Give the lines below again exactly, starting with the line that holds "140 Rosslyn Blvd, Steubenville, OH, 43952-1045" and going on through the line that holds "Debrah, na slici".
Top of Extracted entries
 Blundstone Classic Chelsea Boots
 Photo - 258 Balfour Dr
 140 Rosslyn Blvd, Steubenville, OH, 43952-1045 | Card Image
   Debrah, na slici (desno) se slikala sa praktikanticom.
Bottom of Extracted entries
Top of Extracted entries
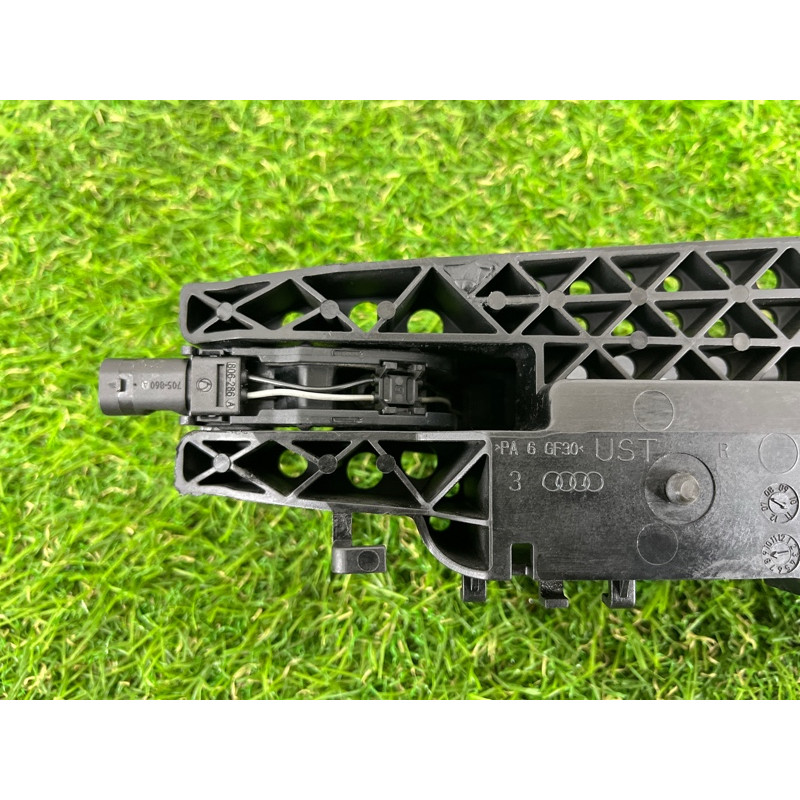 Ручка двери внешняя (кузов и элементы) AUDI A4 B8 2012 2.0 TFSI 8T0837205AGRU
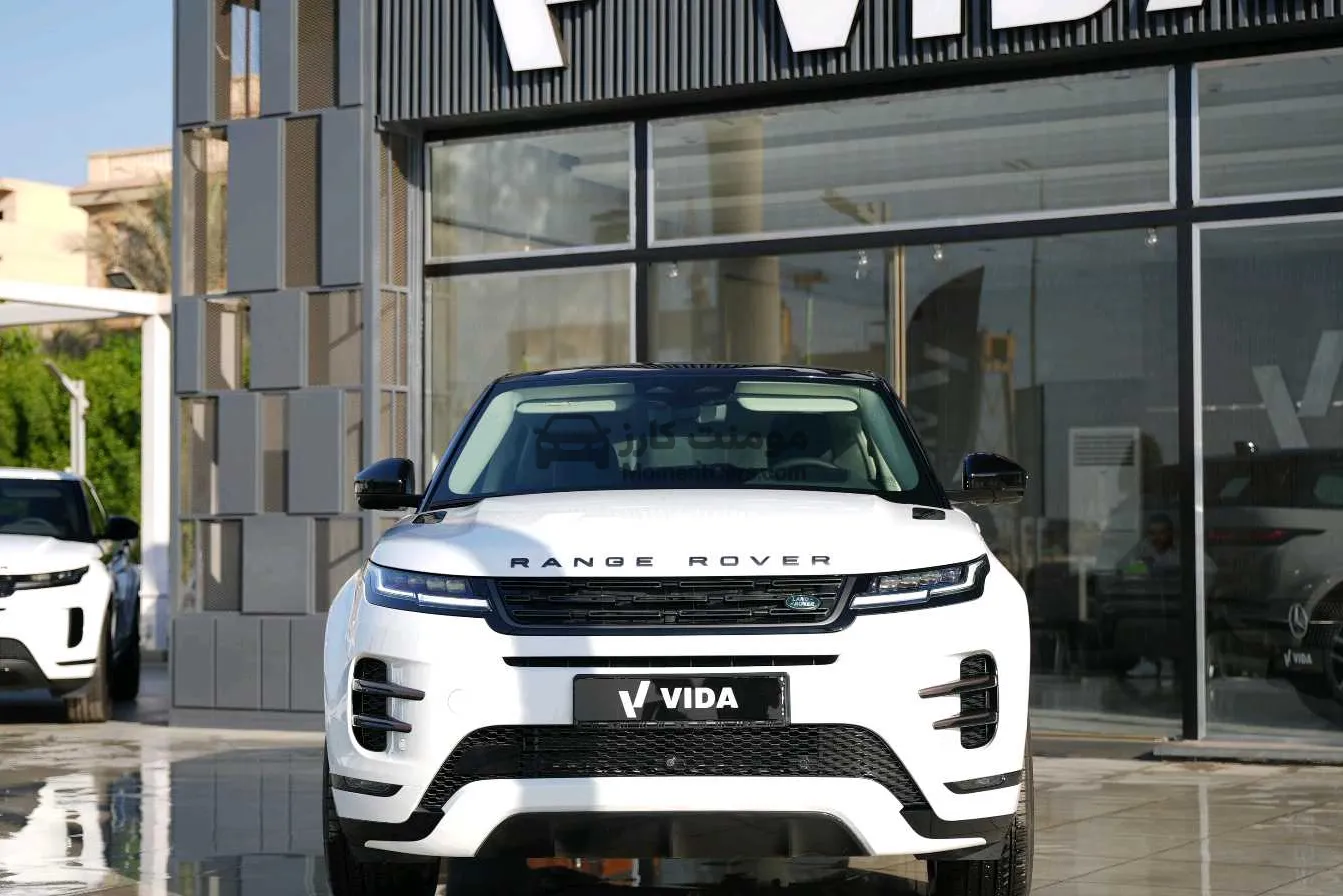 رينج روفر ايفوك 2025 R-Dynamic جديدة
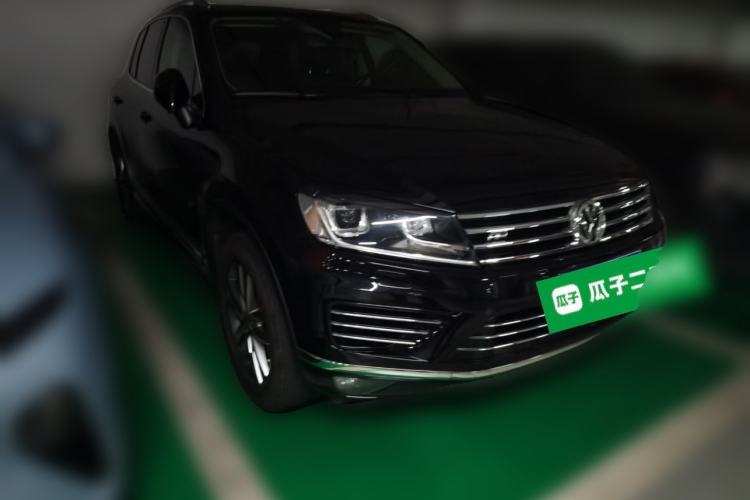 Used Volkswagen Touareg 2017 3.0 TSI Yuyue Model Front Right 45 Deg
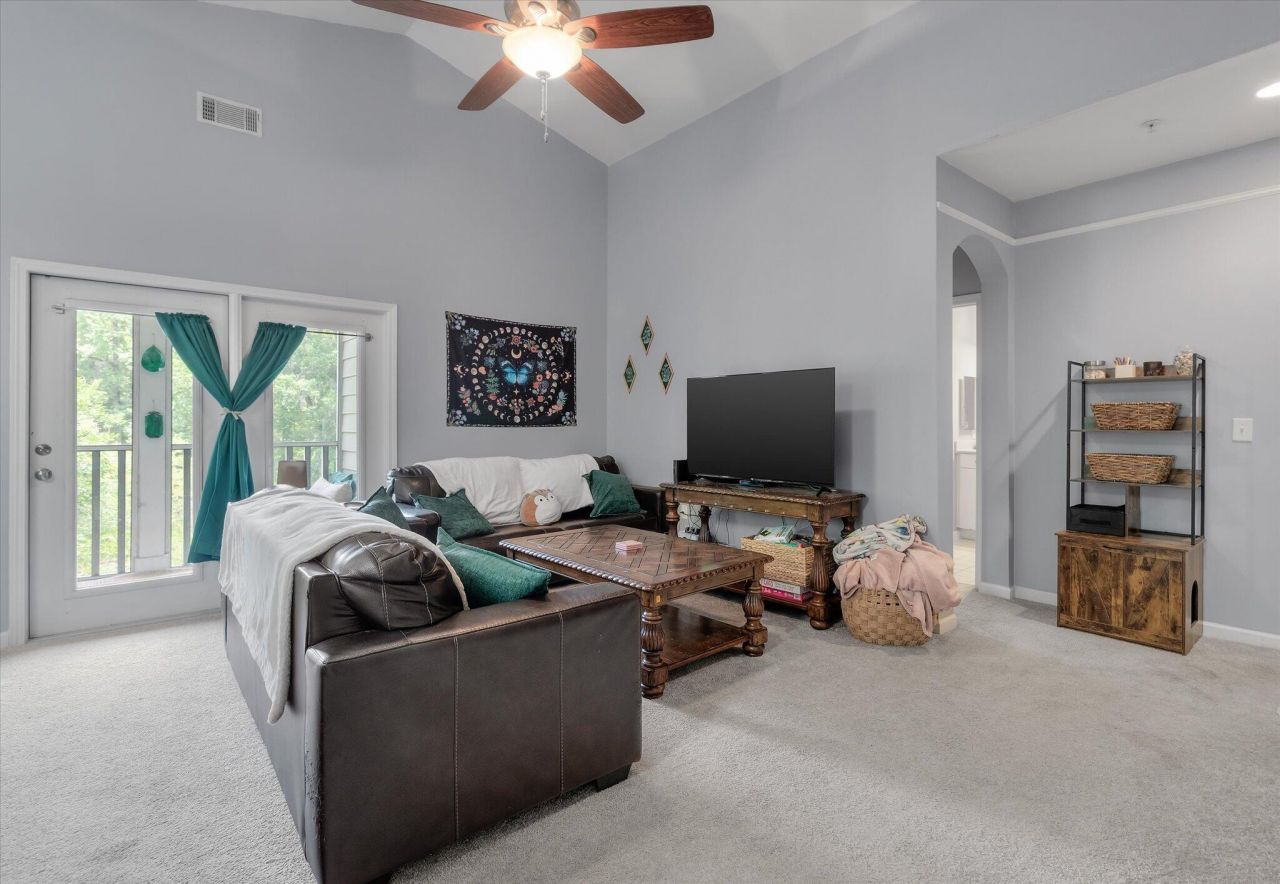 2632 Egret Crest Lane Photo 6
Bottom of Extracted entries
> Exercise solution:
 140 Rosslyn Blvd, Steubenville, OH, 43952-1045 | Card Image
   Debrah, na slici (desno) se slikala sa praktikanticom.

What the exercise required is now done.